Wednesday, April 15, 2009

April 15th

Well, today is April 15th. This day has many meanings for us right now. Most see it as tax day - which reminds us that next year at this time, we get to claim two extra deductions! But for us, today is sort of bittersweet. April 15th was the original due date for the twins - so they are officially full term today. They are also 4 weeks old today, which is just impossible to believe. But one year ago today, we had a miscarriage. I remember the emotional roller coaster were on at that time. We had just found out we were pregnant about 5 weeks or so prior, and had just told our family by giving them Easter eggs with pacifiers and booties in them, and had just begun to accept the fact that, after 3 years of complications and trying, we were finally pregnant. In fact, we had just bought a pack of diapers the night before.
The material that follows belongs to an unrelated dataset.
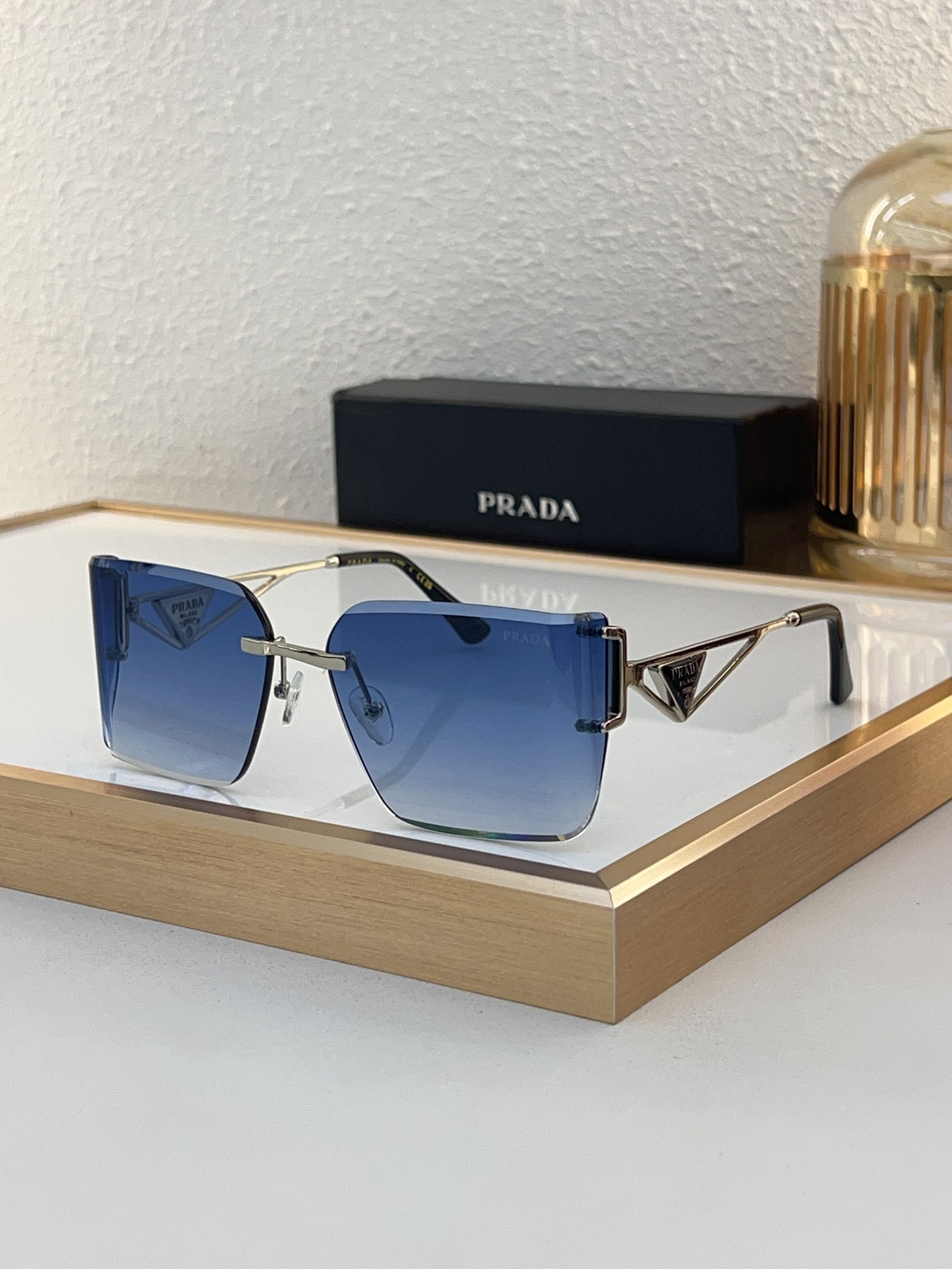 Prada Square Rimless Sunglasses with Gradient Blue Lenses (Model: PR0002S)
Carrie was following a website which said how big the fetus was each week, and at the time of the miscarriage, it was the size of bean. I was calling it lil' bean whenever I asked Carrie how she was feeling.
After learning about the miscarriage the next day, we began to feel like we were never going to get pregnant. We went through a bit of a depression for a month or so, trying to cope with the loss of the baby we didn't get to meet. Carrie bought a memories bracelet, and had the inscription read "Lil' Bean".
Now, a year later, we are doubly blessed with our beautiful twins. As my sister said, God gave us one baby for this pregnancy, and one for the one we lost. Finding out that our due date for the twins was the same day as our miscarriage was odd. It did emphasis to us that God does everything for a reason. If we didn't have the miscarriage, we never would have had the twins. It is with keeping this in mind that we remember that we need to put our trust in God, and know that he has a plan. Lil' Bean is in heaven watching over the twins, and some day we will get to meet the child that God called home before we had a chance to know him/her.

RIP Lil' Bean

2 comments:

  1. I know how hard it is to miscarry. I did at 5 1/5 months. It will be 2 years for me April 25th. If Sophia would of survived, she would been our last one. But we got Sylvia, and we are complete now. Every chance we get, we go to Sophia's grave. we keep it neatly decorated according to the season.